On Dec 22, 2020, at 11:31 AM, Andrea Arcangeli aarcange@redhat.com wrote:
From 4ace4d1b53f5cb3b22a5c2dc33facc4150b112d6 Mon Sep 17 00:00:00 2001 From: Andrea Arcangeli aarcange@redhat.com Date: Tue, 22 Dec 2020 14:30:16 -0500 Subject: [PATCH 1/1] mm: userfaultfd: avoid leaving stale TLB after userfaultfd_writeprotect()
change_protection() is called by userfaultfd_writeprotect() with the mmap_lock_read like in change_prot_numa().
The page fault code in wp_copy_page() rightfully assumes if the CPU issued a write fault and the write bit in the pagetable is not set, no CPU can write to the page. That's wrong assumption after userfaultfd_writeprotect(). That's also wrong assumption after change_prot_numa() where the regular page fault code also would assume that if the present bit is not set and the page fault is running, there should be no stale TLB entry, but there is still.

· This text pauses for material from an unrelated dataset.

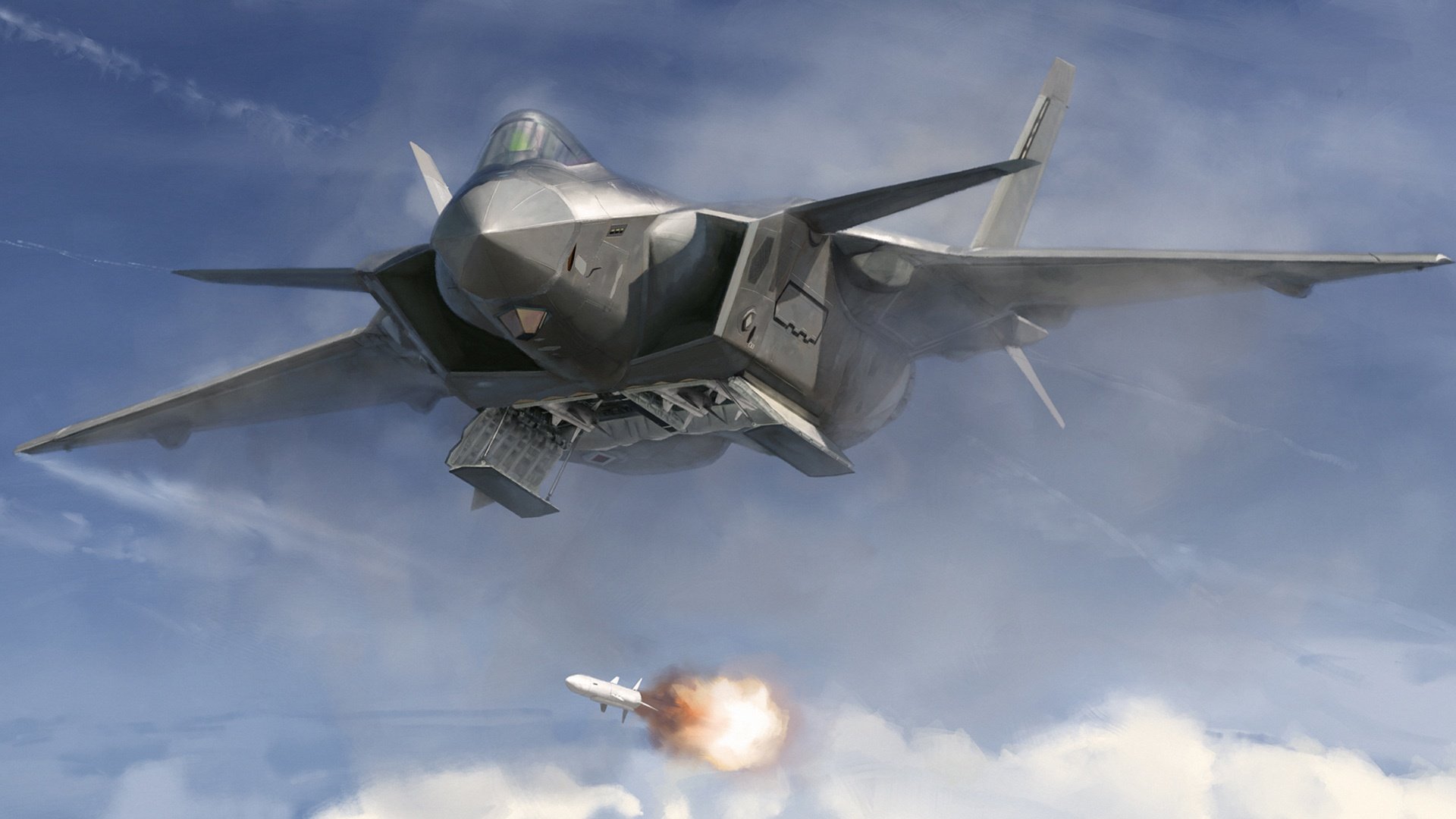 1920x1080 Wallpaper Fighter, China, Unobtrusive, Multi Role Fighter, PLA, Chengdu J 20 Mighty Dragon For Mobile And Desktop, Section авиация, Resolution 1920x1080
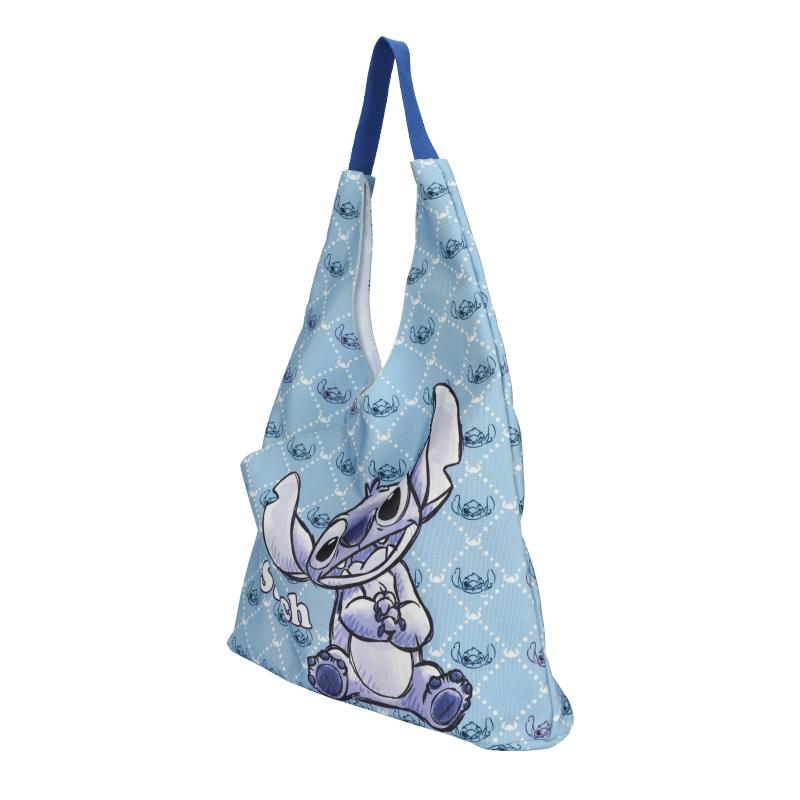 New Disney Stitch Series Canvas One Shoulder Handbag Regular Unisex Light Blue DHF41016-ST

So to stay safe, the page fault code must be prevented to run as long as long as the TLB flush remains pending. That is already achieved by the do_numa_page() path for change_prot_numa() and by the userfaultfd_pte_wp() path for userfaultfd_writeprotect().
The problem that needs fixing is that an un-wrprotect (i.e. userfaultfd_writeprotect() with UFFDIO_WRITEPROTECT_MODE_WP not set) could run in between the original wrprotect (i.e. userfaultfd_writeprotect() with UFFDIO_WRITEPROTECT_MODE_WP set) and wp_copy_page, while the TLB flush remains pending.
I may need to read your patch more carefully, but in general I do not like the approach. You are much more experienced than I am, but IMHO the TLB flushing logic needs to be further simplified and generalized and not the other way around.
The complexity is already too high. We have tlb_flush_batched and tlb_flush_pending, which I think should be (somehow) combined. tlb_gather_mmu() is designed for zapping, but can’t it be modified to suit protection changes to avoid buggy use-cases (as the wrong use in clear_refs_write() ) ?
So adding new userfaultfd specific code, which potentially does not address all the interactions (now or the future), is concerning.
In this regard, a similar problem to the one in userfaultfd (mmap_read_lock() while write-protecting) already exists with soft-dirty clearing, so any solution should also address the soft-dirty issue.